Porém, a Suprema Corte estadual disse que a jurisprudência federal desde 1979 desgastara a sustentação jurídica dessa decisão. Os policiais precisam de mais provas de que cada passageiro infringiu a lei, sustentou o tribunal.

“Nossos casos protegeram enérgica e corretamente a salvaguarda da privacidade individual de nossa constituição. As garantias... não somem nem desaparecem dentro dos confins de um automóvel”, escreveu o ministro Charles Johnson pela corte.

“Sustentamos que o cheiro de maconha na área geral em que se localiza um indivíduo é insuficiente, sem mais nada para substanciar a causa provável para prisão. Onde não existir nenhuma outra prova que vincule o passageiro com qualquer atividade criminal, a detenção do passageiro por suspeita de porte de substâncias ilegais e qualquer revista ulterior são inválidas e constituem invasões inconstitucionais do direito à privacidade desse indivíduo”, concluiu o acórdão.

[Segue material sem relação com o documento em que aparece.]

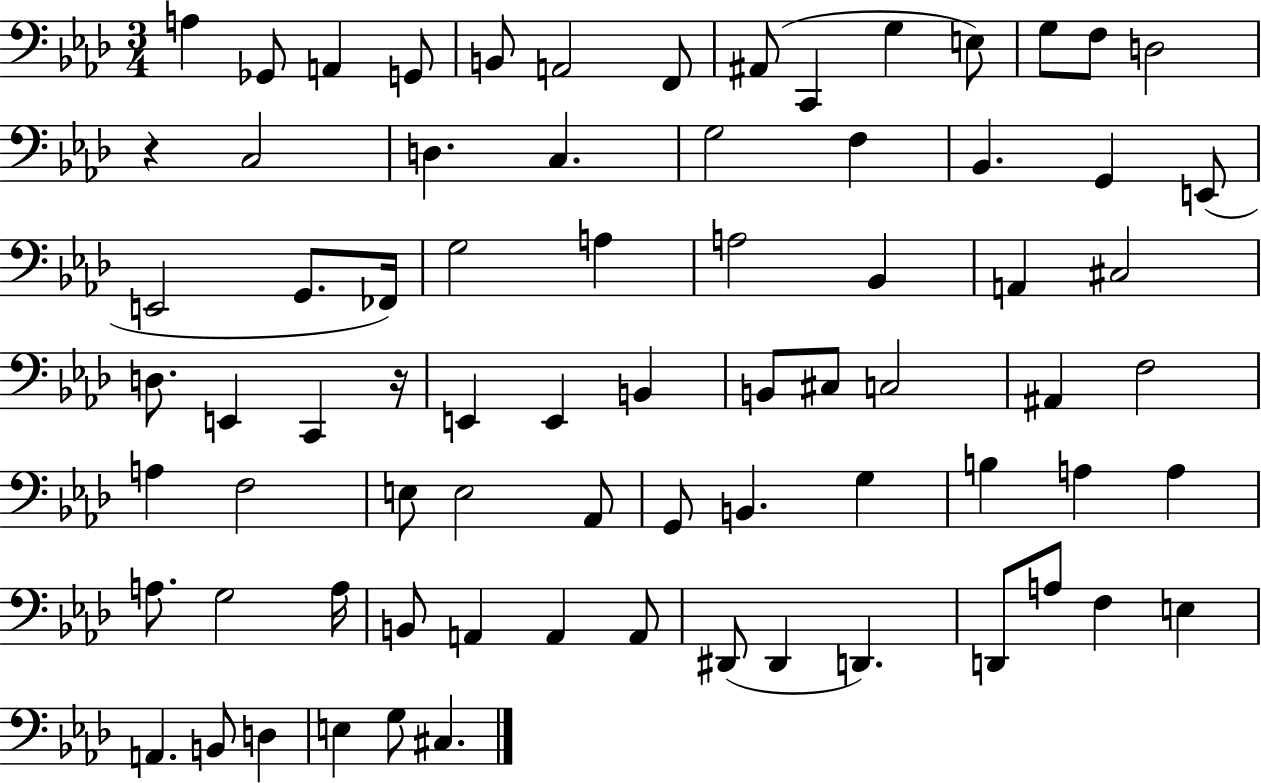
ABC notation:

X:1
T:Untitled
M:3/4
L:1/4
K:Ab
A, _G,,/2 A,, G,,/2 B,,/2 A,,2 F,,/2 ^A,,/2 C,, G, E,/2 G,/2 F,/2 D,2 z C,2 D, C, G,2 F, _B,, G,, E,,/2 E,,2 G,,/2 _F,,/4 G,2 A, A,2 _B,, A,, ^C,2 D,/2 E,, C,, z/4 E,, E,, B,, B,,/2 ^C,/2 C,2 ^A,, F,2 A, F,2 E,/2 E,2 _A,,/2 G,,/2 B,, G, B, A, A, A,/2 G,2 A,/4 B,,/2 A,, A,, A,,/2 ^D,,/2 ^D,, D,, D,,/2 A,/2 F, E, A,, B,,/2 D, E, G,/2 ^C,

A decisão conseguiu elogios rápidos de reformadores das políticas de drogas e libertarianos. “Como declaração geral, é um retrocesso na direção que nosso governo esteve tomando ao passo que viramos uma espécie de sociedade de vigilância”, disse Alison Holcomb da sucursal de Washington da União Estadunidense das Liberdades Civis ao Seattle Post-Intelligencer. “Acho um alívio que o tribunal tenha reafirmado os valores que a nossa constituição pede”.

Vivian McPeak, organizador do Festival do Cânhamo de Seattle, disse ao jornal que não raro as pessoas eram detidas, encarceradas, estigmatizadas e tinham sua propriedade confiscada simplesmente por estarem em um veículo com alguém que portava ou fumava maconha. “Muitas pessoas foram pegas por estes delitos veiculares”, disse. “Estar em um carro costumava ser uma dessas situações em que se está no lugar errado na hora errada”.

David Zuckerman, advogado de Grande, aclamou a decisão, mas acrescentou que era “lastimável” que demorou tanto tempo para anular a jurisprudência estadual anterior em prisões por odor de drogas. “Acho que resultou em muitíssimos inocentes sendo algemados no acostamento da entrada simplesmente porque porventura estavam em um carro que cheira a maconha”, disse Zuckerman.